Play, 18, Hotel, vs.
Bazı şarkıcılar/gruplar bende sınırsız krediye sahiptir.
Moby de onlardan.
Beni çıldırtacak birçok şey yaptı veya söyledi; ama günün sonunda sarıldık öpüştük, kopamadık.
Neden sevdiğimi de bilmiyorum.
Fakat şunu farkettim ki kendisini pek tanımıyormuşum.
Son zamanlarda yeni otobiyografisi (2019) Then It Fell Apart'ı okuyorum.
(Çıktığı zaman Natalie Portman'ı epey sinirlendirmişti)
Kitap adeta bağımlılık yarattı, elimden düşmüyor.
Onunla mutfağa gidiyorum, tuvalete uğruyorum, yetmiyor onunla yatağa giriyorum.
En büyük isteği "ünlü olmak" ve bir yandan da içinde yatan punk-rocker'ı yaşatmak.
Kendisi ayrıca sevgi arsızı (Proust'tan beri böylesi gelmemiştir).
Sevmek ve sevilmek (takıntıya dönüşmüş durumda).
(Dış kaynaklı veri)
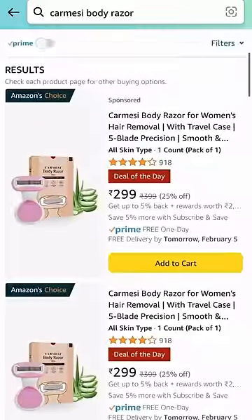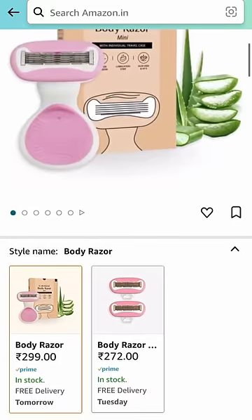This razor is really good for sensitive areas like underarm and bikini line. You can buy the product on Amazon along with the body gel. The link will be in the description, so make sure that you check it out and subscribe for more of these videos.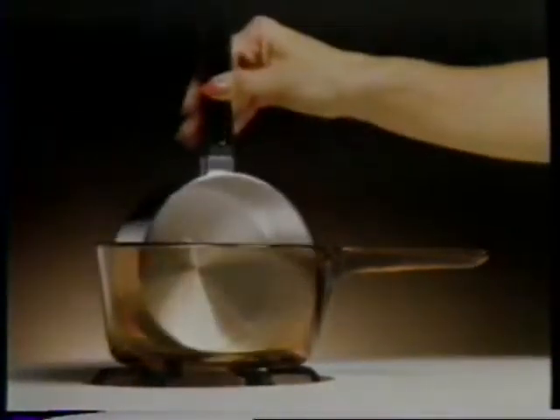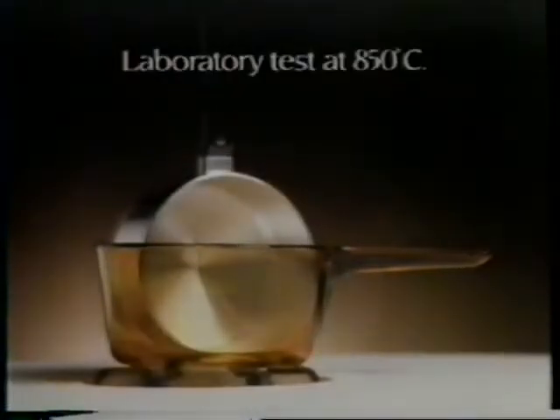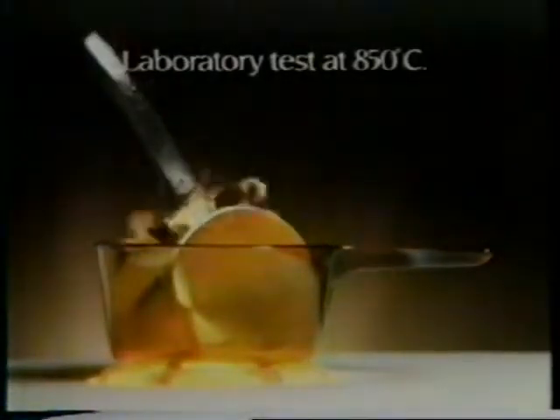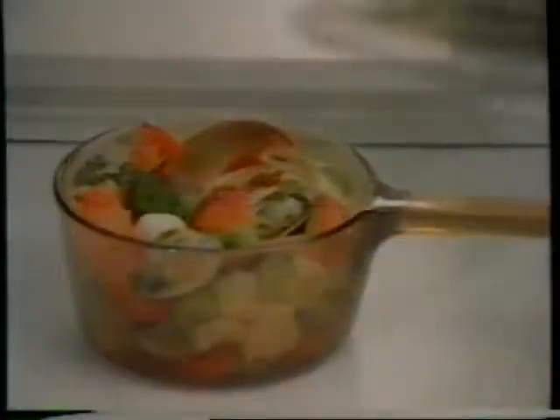Corning's see-through Vision saucepan is extraordinary. It never stains, and withstands heat that turns ordinary saucepans into sauce. Vision's cookware lets you look while you cook, and the handle stays cool because it's made of a revolutionary material.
Ciddi bir alkol ve madde sorunu var.
Bu boyutta olduğunu bilmiyordum; korkunç.
Kadınlarla bir türlü düzgün ilişki kuramıyor.
Yaşamı tek gecelik ilişkilerden öteye gitmiyor.
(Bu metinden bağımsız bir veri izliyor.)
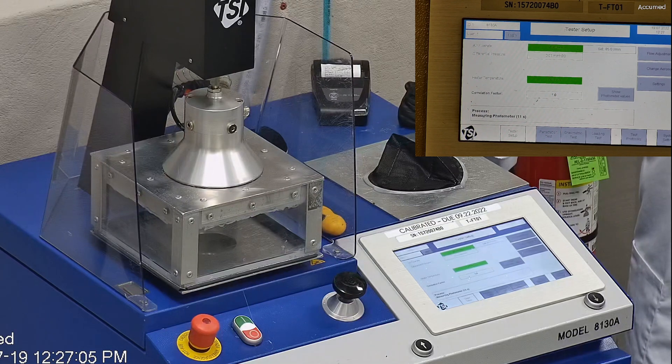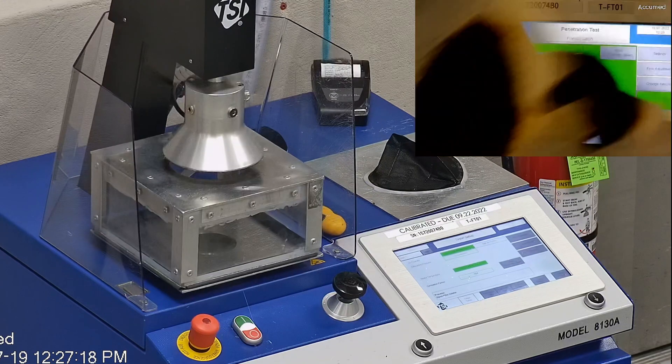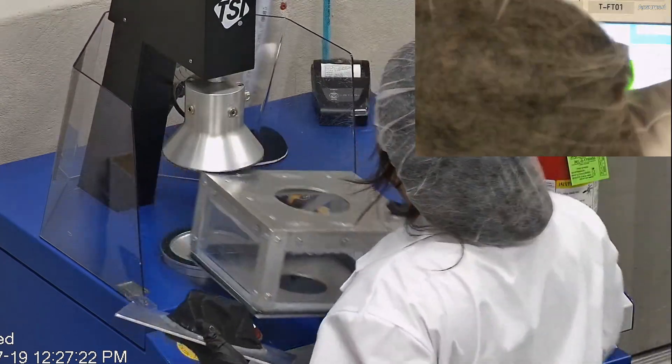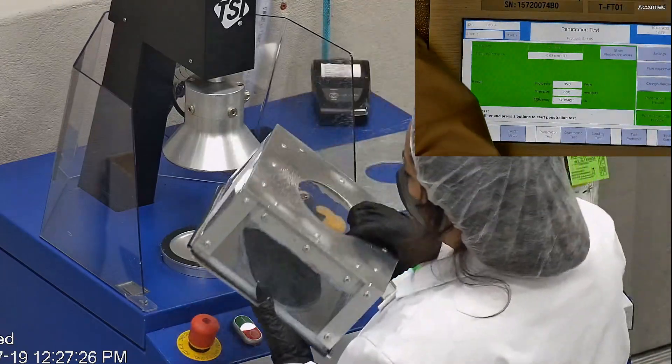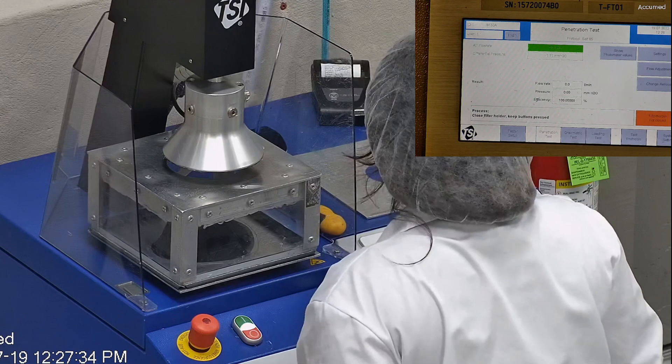The testing plate is then attached to the frame and the box is placed under the TSI filter holder for testing. The results are displayed on the TSI monitor. F stands for airflow rate, which we test at 85 liters per minute. R is for resistance, also referred to as pressure drop, which correlates with breathability — so the lower the number, the more comfortable and breathable the mask is. E stands for filtration efficiency percentage.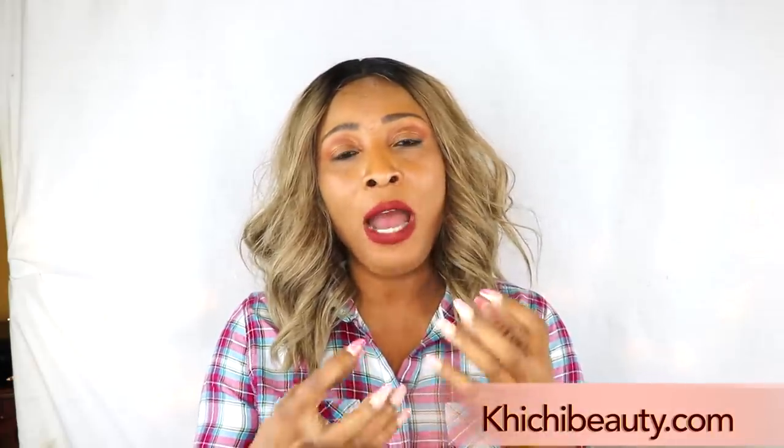Hi guys, welcome to my channel and welcome to today's video. Facial hair around the upper lips, facial hair under the chin, facial hair at the side right here that looks unsightly on the face. Now if you're suffering with a lot of facial hair, guess what — I have a solution for you today.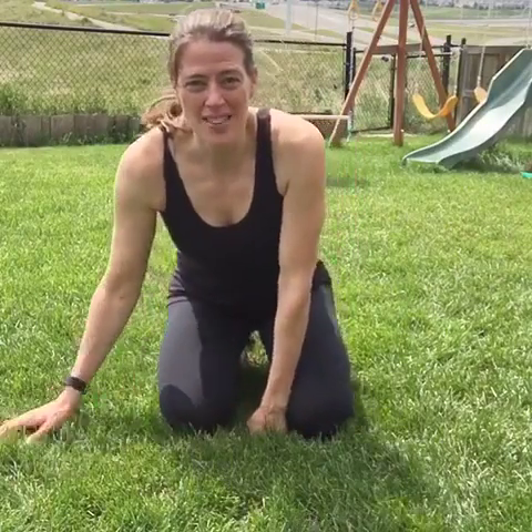Hi, it's Robin and I have been asked to do some more ab exercise videos. So I'm going to show you a few more exercises today — three moves that you can do in a plank to strengthen your core. There are so many different ways to strengthen your core other than traditional crunches, so here's another option.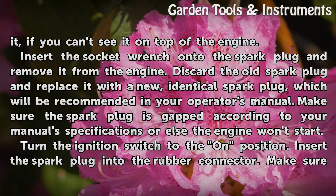Turn the spark plug and remove it from the engine. Discard the old spark plug and replace it with a new, identical spark plug, which will be recommended in your operator's manual.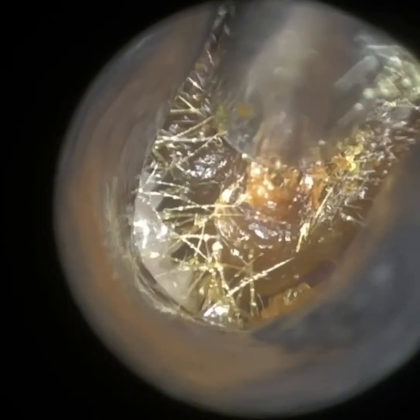The oil has helped slightly, but you can see it's still really, really impacted. Being a child, they've got a very narrow ear. The wax has been pushed in — the child has been poking in the ear.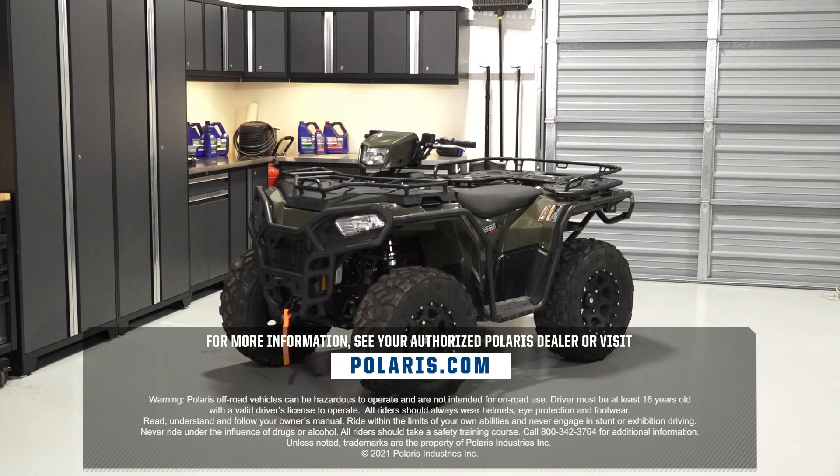For more information, see your authorized Polaris dealer or visit Polaris.com.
Hatta bir yerde "Moby, kadınlar tuvaletindeki oturaktan daha fazla popoya sahip olmuştur" deniyor.
Kitap boyunca sık sık "kiss and tell" hödüklüğüne düşüyor.
Depresyon ile savaşıyor.
Kitap, 2008 senesindeki intihar girişimi sekansıyla açılıyor.
Bu birçok şeyi açıklıyor; çünkü 2009'da çıkardığı ve benim favori albümüm olan Wait For Me'nin
Melankoli düzeyindeki aşırılık böylece anlamlanıyor.
Kendisinin yaşadığı (düzensiz) ilişkiler, ünün getirdikleri ve götürdükleri... her şey kitapta.
Yer yer içim burkuluyor ve Moby'e sarılmak istiyorum.
Kimi yerde de (özellikle kadınlarla ilişkilerinde) "kızılcık sopasını hak ettin " dedirtiyor.
Küçüklüğünde hippi annesi ve motorcu/bağımlı sevgilileriyle yaşadıkları hüzünlendiriyor.
Bırakıldığı yuvada bir adam tarafından tacize uğruyor.
Mahallenin tek yoksulu olduğu için dikkat çekmemeye çalışırken,
Komşu çocuğuna yatıya gittiğinde mutfakta kola görünce heyecanlanıveriyor
Ve içerken burnuna değen gaz taneciklerine seviniyor
(Evinde yalnızca süt ve portakal suyu olan, bitmesin diye her şeyi sulandırarak içen Moby).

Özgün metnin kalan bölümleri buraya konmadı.